ARCHIVE - The hydrologic cycle and the hydrosocial cycle

8 mai 2014

 

Jamie Linton, Professor, Queens University, Canada and University Paris-Ouest, France

This presentation considers how different ways of understanding the relation between water and human society have been reflected in different concepts of the circulation of water from the 1930s to the present in English-language hydrological and geographical literature. In 1931, the modern concept of the hydrologic cycle was introduced as a framework for the hydrological sciences in the United States by the American hydrologist Robert E. Horton. Originally conceived as representing a purely "natural" (i.e. non-social) process, the hydrologic cycle quickly spread in scientific, administrative and popular discourse. Scientific and cultural developments in the post-war years – especially the growing concerns for the human impact on the natural environment – gave rise to new ways of conceptualizing and representing the hydrologic cycle, so as to accommodate and reflect anthropogenic influences on the quality and flow of water in the hydrosphere.

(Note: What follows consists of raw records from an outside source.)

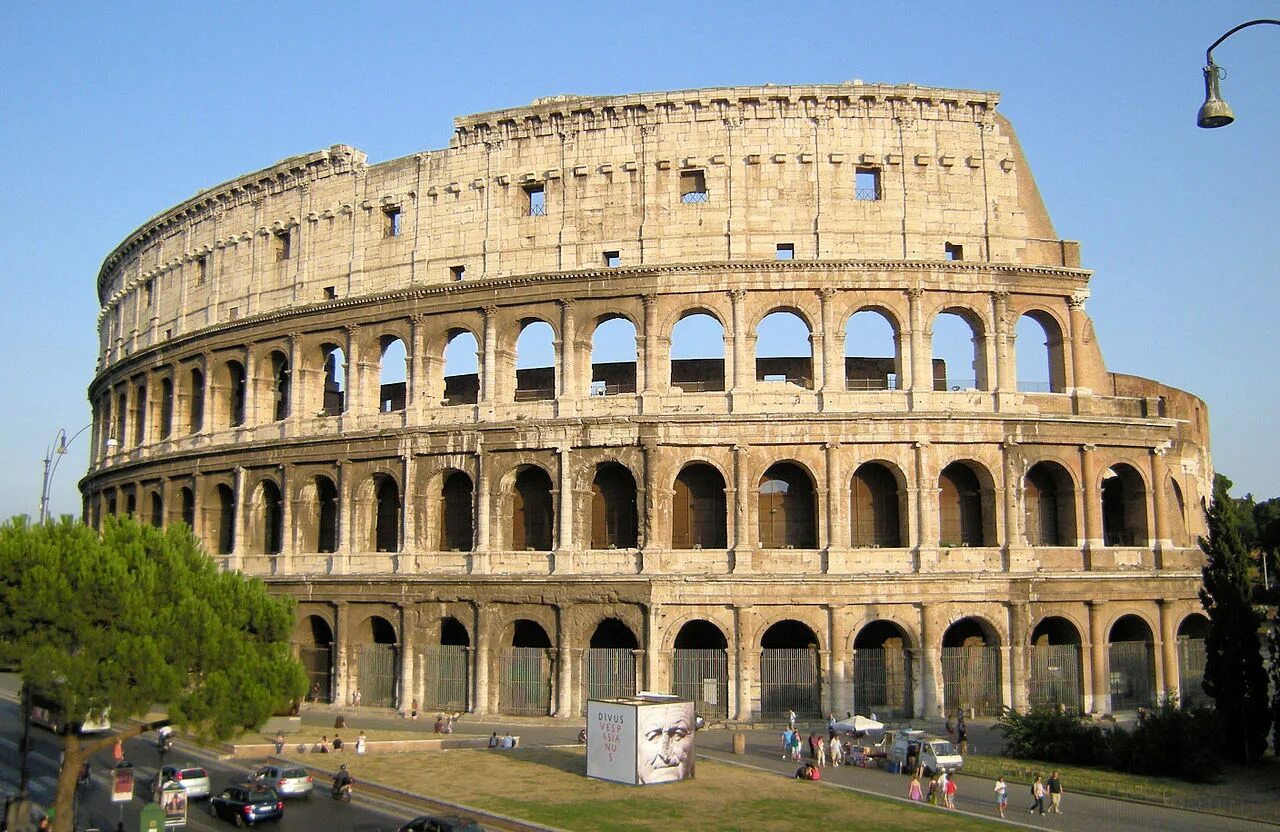 Почему колизей. Колизей в Риме. Колизей или амфитеатр Флавиев. Амфитеатр в Риме. Фото Колизея в древнем Риме.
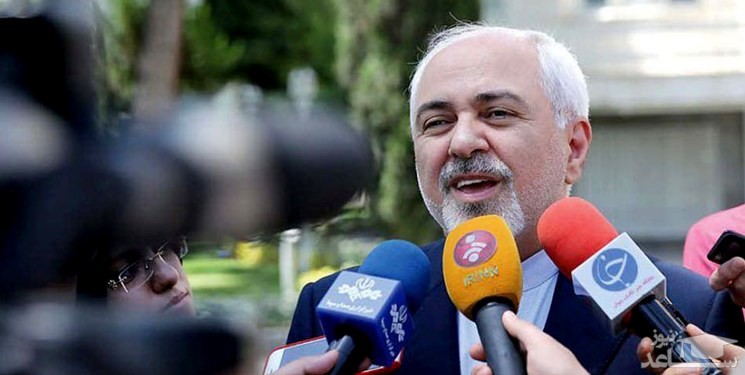 ظریف در واکنش به تحریم خود از سوی آمریکا: متشکرم که مرا تهدیدی بزرگ برای اهدافتان می دانید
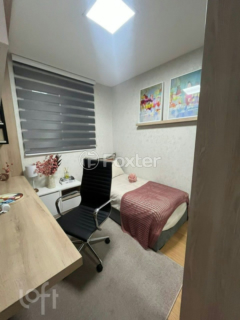 Image 7 - 898963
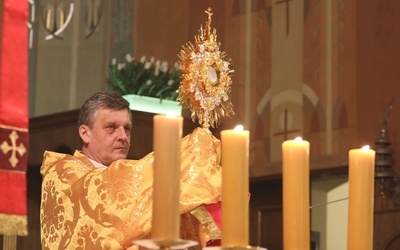 Bp Roman Pindel na zakończenie procesji rezurekcyjnej udzielił wiernym błogosławieństwa eucharystycznego.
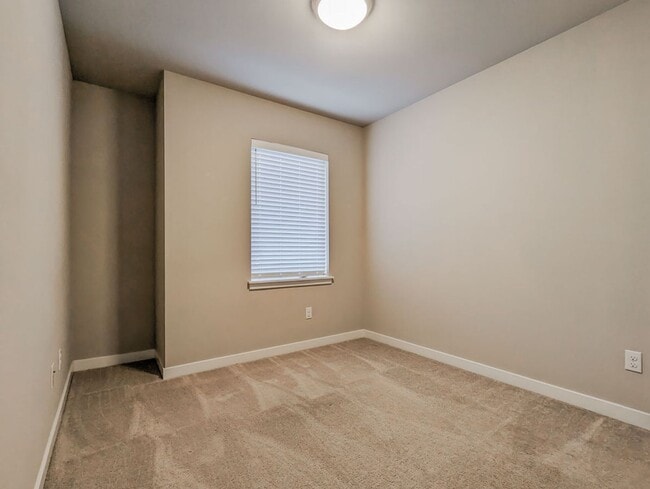 Building Photo - **Move-In Special** Fully upgraded 3 bed 2...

While integrating water and society, these concepts and representations reflected a rigid distinction and separation between nature and society, characteristic of modernity. As this distinction has weakened in more recent years, new concepts and representations of the hydro-social dynamic have appeared that reflect new ways of understanding this relationship. The presentation concludes with a discussion of the “hydrosocial cycle”, a concept that has been developed by the author and other critical geographers as a way of representing and analyzing the political and social dimensions of water.

References

  • Linton, J. (2008). "Is the Hydrologic Cycle Sustainable? A historical-geographical critique of a modern concept." Annals of the Association of American Geographers 98(3): 630-649.
     
  • Linton, J. (2010). What is Water ? The History of a Modern Abstraction. Vancouver, British Columbia, UBC Press.
     
  • Linton, J. (2014). "Modern Water and its Discontents." WIREs Water 1: 111-120.
     
  • Linton, J. and J. Budds (in press). "The hydrosocial cycle: Defining and mobilizing a relational-dialectical approach to water." Geoforum.